[1] C. Alcaraz b. [2] N. Djokovic 1-6 7-6(6) 6-1 3-6 6-4
C’era anche Andy Murray, in tribuna a certificare quella che forse è finalmente la fine della golden age del tennis open. Rimaneva Novak Djokovic, l’ultimo dei Fab4 highlander, che per un’altra 4 ore e mezza – 4 ore e 45 minuti per la precisione – si è illuso di avere un’altra possibilità di fermare il tempo. Ma di fronte a lui stavolta non c’erano solo tanti anni di differenza con l’avversario ma anche Carlos Alcaraz. Lo spagnolo, al suo secondo slam, non ha nemmeno avuto bisogno di giocare il suo miglior tennis per vincere una partita che è stata a lungo in bilico. Dopo aver pagato il tributo al tempio e ai suoi sacerdoti, Alcaraz ha finalmente cominciato quanto meno a mettere qualche palla in più in campo, era subito andato avanti di un break nel secondo game ma lì ha subìto quello che, col senno di poi, sarà l’ultimo acuto di Djokovic. Dopo aver recuperato lo svantaggio il campione uscente non riusciva più a impensierire il numero 1 del mondo in risposta, mentre al servizio si trovava in difficoltà sostanzialmente in ogni game. Era solo la cattiva giornata di Alcaraz in risposta sulle seconde che salvava il serbo, fino a portarlo al tiebreak. Poteva essere l’ultima occasione di Djokovic, che perdeva il mini break con un dropshot che non oltrepassava la rete e poi il set grazie ad una splendida risposta di rovescio di Carlitos sul set point.
Il match sembrava finito lì, perché nel terzo set Djokovic sembrava risentire improvvisamente del peso di tutti gli anni passati sui campi. Il serbo perdeva campo, se provava ad anticipare sbagliava regolarmente, se cercava di reggere lo scambio finiva per sbagliare. Il 6-1 pareva chiudere la discussione ma il terrore che incuteva Djokovic era palpabile tra gli spettatori, e dopo una lunga pausa tra il terzo e il quarto set, il serbo tornava con la mente prima e col corpo poi in partita. Alcaraz credeva forse di aver già chiuso il match, metteva meno attenzione sui propri turni di servizio e puntualmente veniva punito. Djokovic diventava anche più chirurgico al servizio e arrivava al quinto forse addirittura da favorito.

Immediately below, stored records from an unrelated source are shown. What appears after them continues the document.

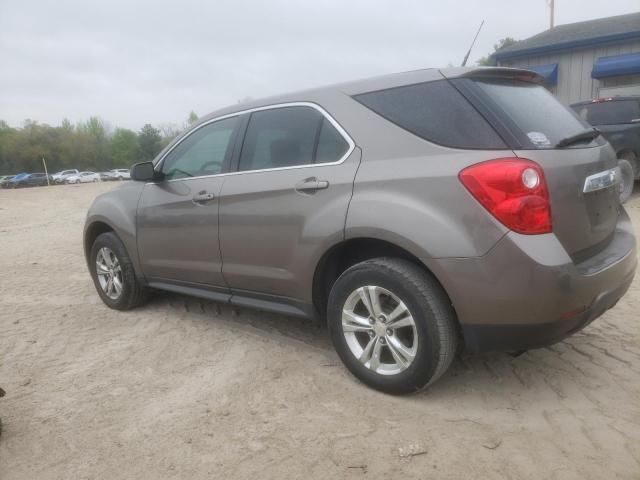 2010 Chevrolet Equinox LS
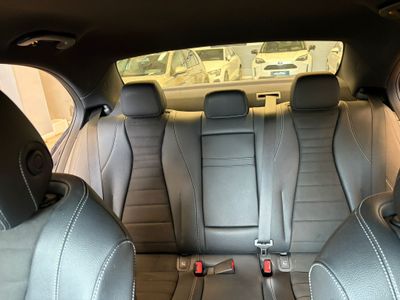 2017 Mercedes-Benz E Class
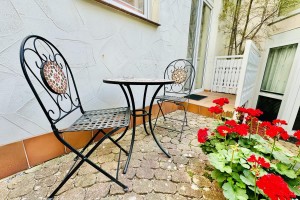 Residenz Seestern, Seegrund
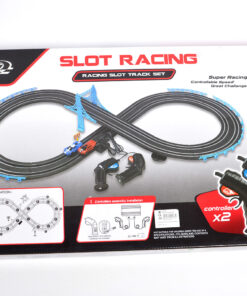 Alternative view of Slot racing autorada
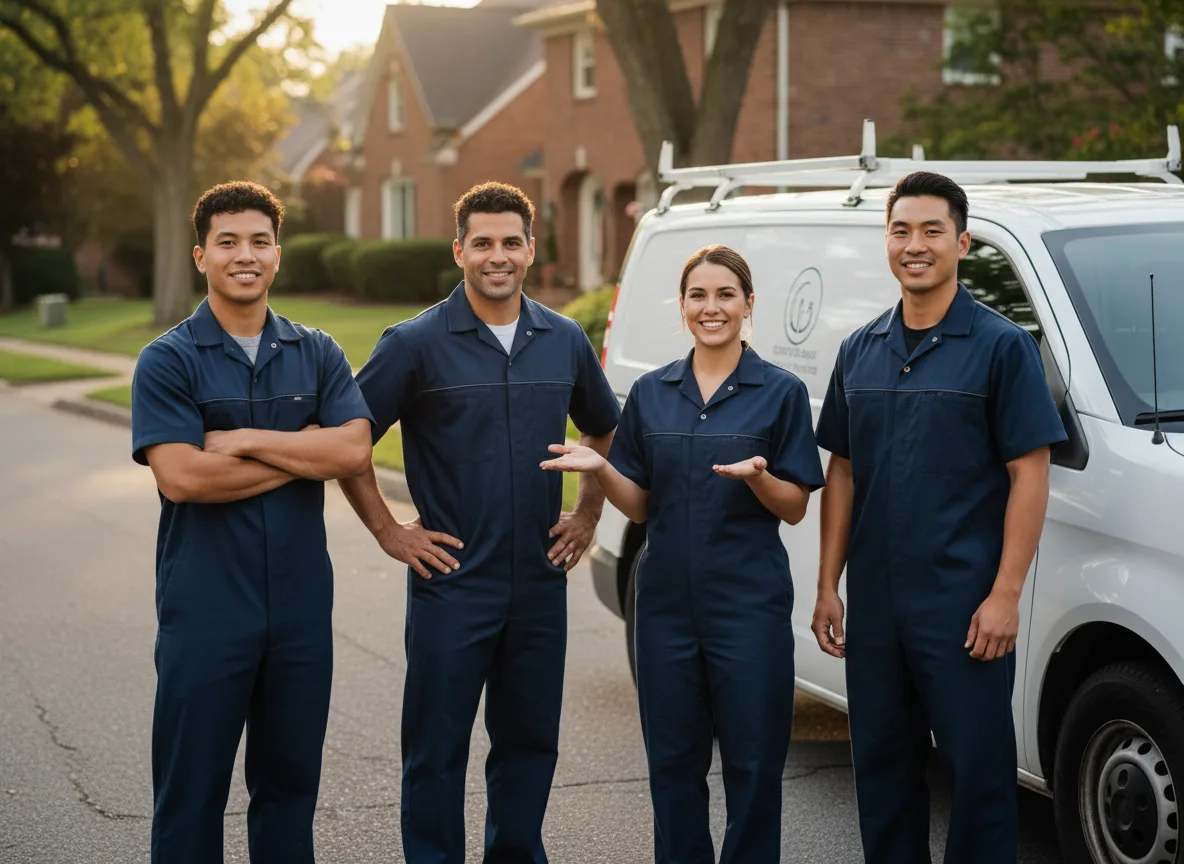 Home Gutter Service company in Kempner, TX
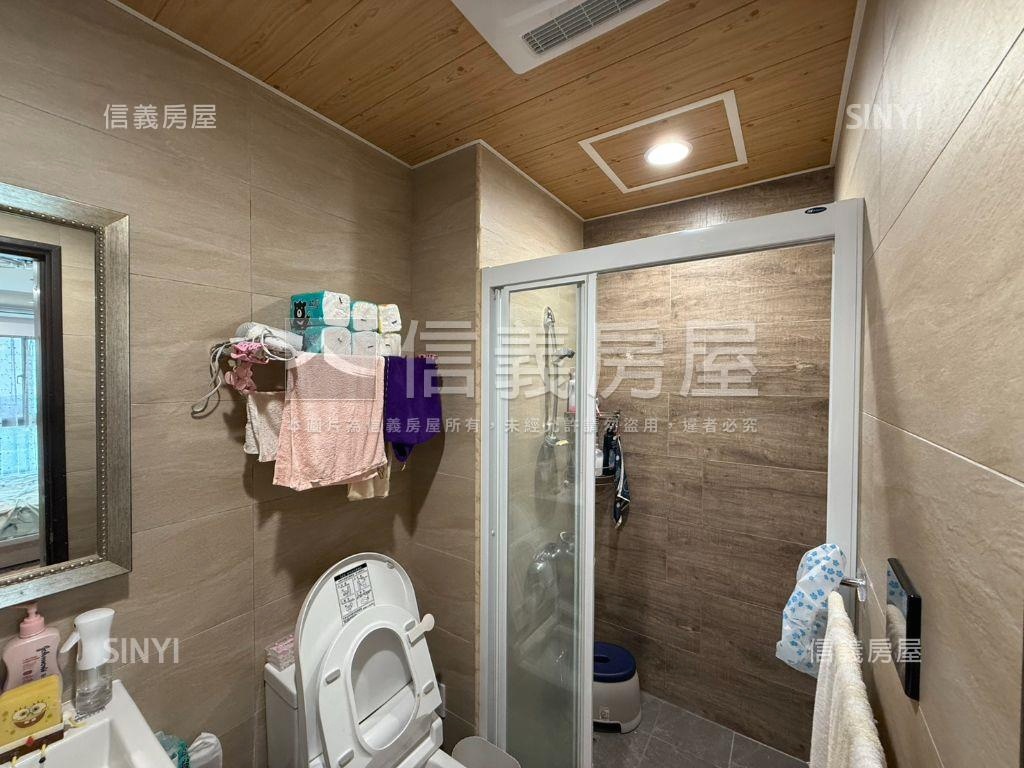 首購大清城心裝潢三房車位房屋室內格局與周邊環境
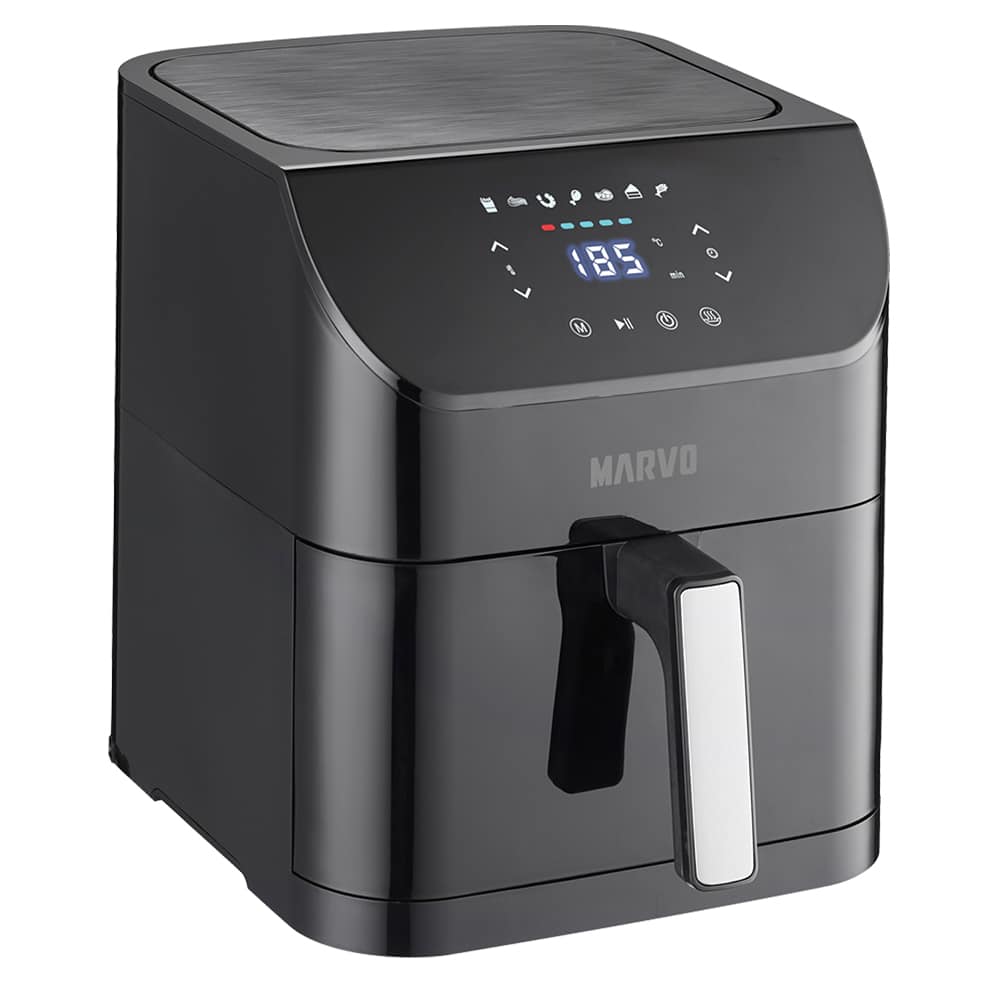 Freidora de Aire Marvo XL HAF-128 8Lts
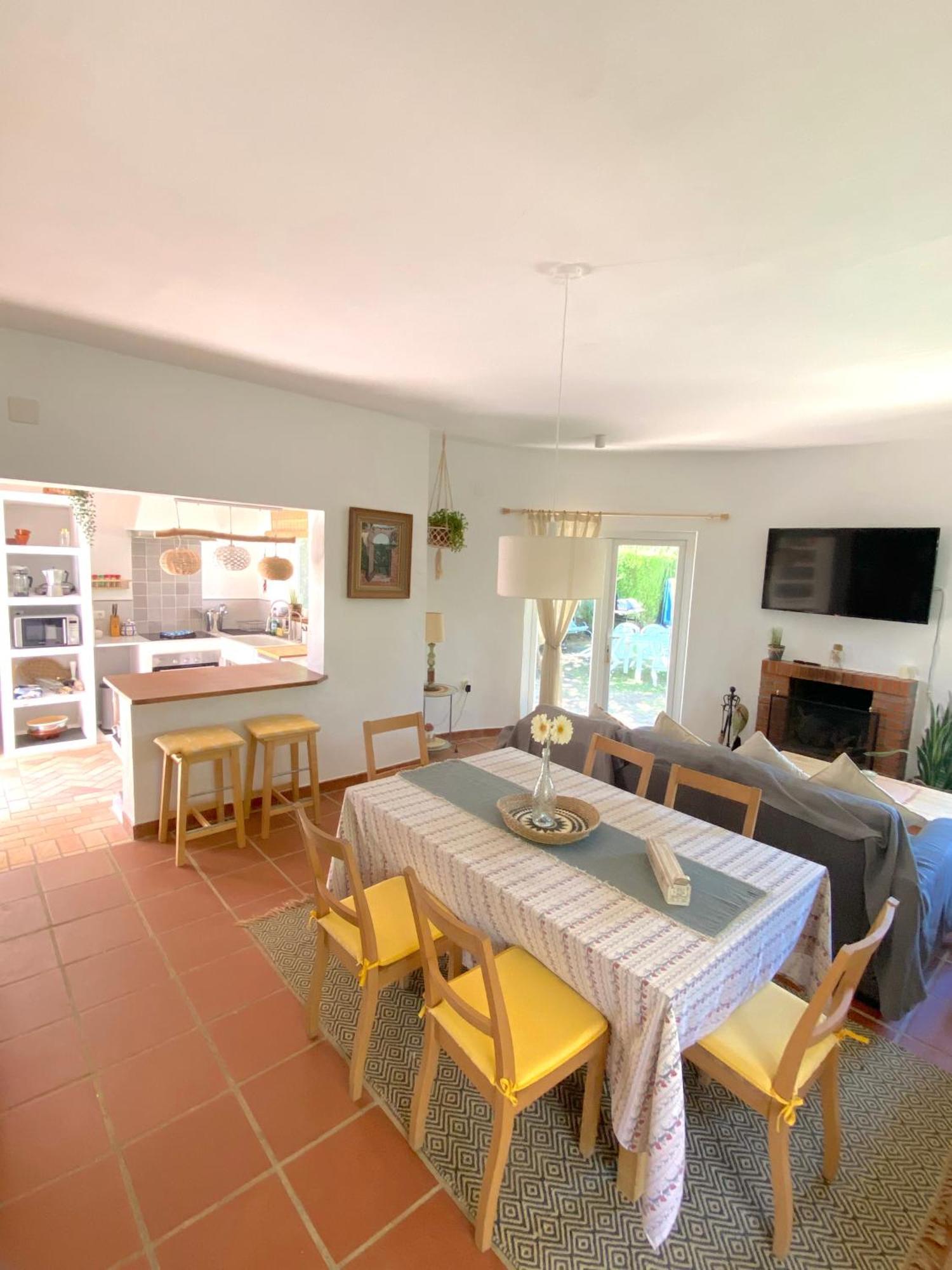Tierra Del Sur Villa Conil de la Frontera Kültér fotó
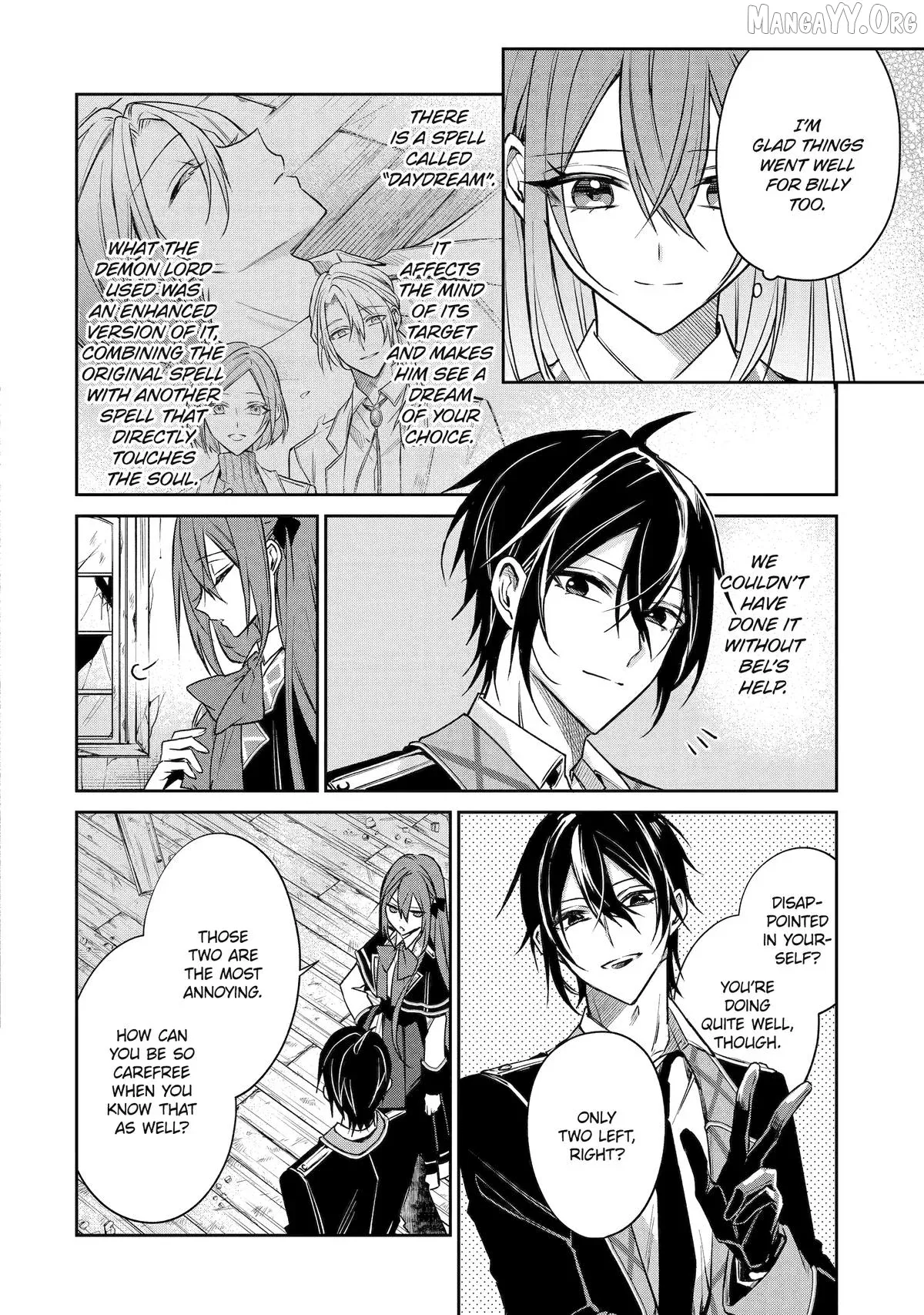 Akuyaku Reijou ni Tensei Shita Inaka Musume ga Bad End Kaihi ni Idomu Hanashi - Shinitakunai no de Last Boss Yori Tsuyoku Natte Mita Chapter 17 page 6 -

Ma Carlitos è campione vero, iniziava arrivando a palla break, era costretto ad annullarne una nel game successivo e nel terzo piazzava l’acuto decisivo. Da allora migliorava il livello di gioco di entrambi – piuttosto bassino nel resto del match – ma forse un po’ sorprendentemente Alcaraz non rischiava più sul proprio servizio, giocando un ultimo game semplicemente meraviglioso.
Alla fine lo stupore maggiore è che per una volta le cose sono andate come dovevano andare: il giovane fuoriclasse ha superato il vecchio campione. Djokovic a dire la verità era arrivato in finale anche in virtù di un tabellone abbastanza agevole, mentre Alcaraz ha sostanzialmente fatto fuori tutti i vari pretendenti e i giocatori più in forma. Era logico che finisse così, ma Djokovic – come prima di lui Federer e Nadal – ci aveva fatto credere che la logica, quando c’era lui in campo, era solo un’ipotesi. Tutto adesso è tornato nella normalità e si può dire che morta un’era ne nasce un’altra: quella di Carlitos Alcaraz.